第2章 2
江山為聘,賜我一死
第二天清晨。
我睜開眼。
眼前一片白霧。
我伸手摸床邊的水杯,手指碰到了杯子,卻沒拿穩。
啪的一聲。
杯子摔在地上,碎了。
我蹲下去撿碎片。
鋒利的瓷片劃破了指尖。
血涌出來,滴在地上。
我看著那紅色的液體,感覺不到疼。
我的觸覺也遲鈍了。
蠱毒在吞噬我。
我在衣服上擦了擦血跡。
摸索著從枕頭芯里掏出一個布包。
里面是我所有的錢。
幾塊碎銀,兩吊銅錢,還有一張當票。
我必須在全瞎前,辦完最后一件事。
我避開下人。
從后門的狗洞鉆了出去。
巷子口,收夜香的老伯正在裝車。
我走過去。
將布包塞進老伯手里。
“陳伯,這是之前說好的。

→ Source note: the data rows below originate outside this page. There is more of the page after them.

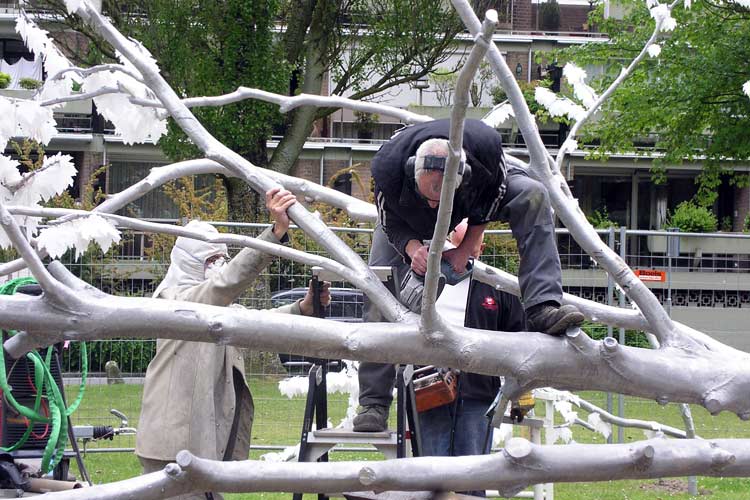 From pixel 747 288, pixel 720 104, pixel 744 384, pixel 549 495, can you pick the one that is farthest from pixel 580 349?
pixel 720 104

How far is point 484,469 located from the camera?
267 centimetres

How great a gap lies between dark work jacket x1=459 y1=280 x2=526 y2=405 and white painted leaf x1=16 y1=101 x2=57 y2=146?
2436mm

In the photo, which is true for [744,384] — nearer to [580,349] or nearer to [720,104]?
[580,349]

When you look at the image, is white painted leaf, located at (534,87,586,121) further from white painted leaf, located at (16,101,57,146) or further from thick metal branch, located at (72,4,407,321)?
white painted leaf, located at (16,101,57,146)

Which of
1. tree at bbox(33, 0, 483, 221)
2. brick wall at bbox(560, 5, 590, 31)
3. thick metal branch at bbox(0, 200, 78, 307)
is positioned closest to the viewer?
thick metal branch at bbox(0, 200, 78, 307)

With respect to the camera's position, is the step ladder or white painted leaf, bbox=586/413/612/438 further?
white painted leaf, bbox=586/413/612/438

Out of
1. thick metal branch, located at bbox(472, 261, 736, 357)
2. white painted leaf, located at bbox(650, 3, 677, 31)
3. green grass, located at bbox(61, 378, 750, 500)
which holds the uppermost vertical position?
white painted leaf, located at bbox(650, 3, 677, 31)

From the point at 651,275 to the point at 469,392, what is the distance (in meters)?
5.33

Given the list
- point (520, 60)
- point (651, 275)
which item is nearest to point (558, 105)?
point (651, 275)

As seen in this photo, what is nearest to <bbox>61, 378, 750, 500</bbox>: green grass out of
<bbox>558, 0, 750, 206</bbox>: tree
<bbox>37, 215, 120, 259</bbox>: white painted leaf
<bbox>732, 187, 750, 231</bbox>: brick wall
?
<bbox>37, 215, 120, 259</bbox>: white painted leaf

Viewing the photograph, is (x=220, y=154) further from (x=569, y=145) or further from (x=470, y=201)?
(x=569, y=145)

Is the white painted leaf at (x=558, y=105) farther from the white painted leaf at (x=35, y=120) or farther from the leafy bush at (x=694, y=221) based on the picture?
the leafy bush at (x=694, y=221)

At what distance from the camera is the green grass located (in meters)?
8.92

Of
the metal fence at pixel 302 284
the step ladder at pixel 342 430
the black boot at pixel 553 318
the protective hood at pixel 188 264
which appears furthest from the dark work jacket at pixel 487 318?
the metal fence at pixel 302 284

”
我的聲音很輕,因為聽不見自己的聲音,語調平直。
“明晚大典,您在玄武門外停一輛拉草木灰的板車。還有……我要的火油那些,藏好了嗎?”
老伯接過布包,驚恐的看著我。
“姑娘,這可是……”
“那是給死人準備的。”我打斷他。
“您只管收錢辦事。”
老伯嘆了口氣。
收起布包,轉身去搬木桶。
我剛要轉身。
懷里那張當票掉了出來。
一陣風吹過。
當票在地上滾了幾圈,停在一雙黑靴旁。
那靴子上繡著金線。
“蘇錦兒?”
熟悉的聲音帶著一絲詫異。
我抬頭。
只能看見兩團模糊的人影。
一團明黃,一團粉紅。
是蕭寒舟和蘇柔兒。
蕭寒舟彎腰。
修長的手指夾起那張沾了泥土的當票。
“祥云當鋪……死當。銀耳環一只,當銀三十文。”
蕭寒舟念出上面的字。
聲音從詫異變成嘲弄。
他抬眼看向我。
目光掃過我流血的手指和舊衣服。
“姐姐,你怎么連母親留下的耳環都當了?”
蘇柔兒靠在蕭寒舟身邊,掩著嘴驚呼。
“陛下不是給了姐姐管理后宮之權嗎?怎么會缺這三十文錢?”
蕭寒舟冷笑一聲。
兩指用力,捻碎了當票。
“蘇錦兒,你真是讓我開了眼界。”
他解下腰間的荷包。
從里面掏出一錠金子,隨手一拋。
咣當一聲。
金錠砸在我腳邊的石板上。
滾了兩圈,停在水坑里。
“拿著。”
蕭寒舟的聲音很高傲。
“明日是我的生辰,也是大典。你若是想給我買生辰禮,直接去賬房拿銀子,用這種當遺物換三十文錢的戲碼,你是想讓全京城的人都看我的笑話?”
他又想起了過去。
成親第一年,那時他還是個不受寵的皇子。
生辰時想要一支狼毫筆。
我剪了留了十年的長發。
又當了過冬的棉衣,換來那支筆。
雙手凍滿凍瘡遞給他。
“夫君,錦兒沒用,只能給你這個。”
那時候他感動得發誓要護我一世。
在他看來,我本性難移,只會用這種苦肉計來博取關注。
“這金子足夠買一車耳環了。”
蕭寒舟攬過蘇柔兒,轉身就走。
“別再撿垃圾了,臟了我的眼。”
兩人一起走了。
我站在原地。
眼前一片灰白,我看不清金子在哪。
我慢慢蹲下。
用手在冰冷的地面上摸索。
我沒找金子,我在找被撕碎的當票。
那是三十文錢。
那是我換最后一副藥的錢。
那藥能壓制蠱毒,防止母蠱反噬蕭寒舟。
終于,我摸到了一片濕漉漉的紙屑。
我攥緊了那片紙屑,上面沾滿了泥和血。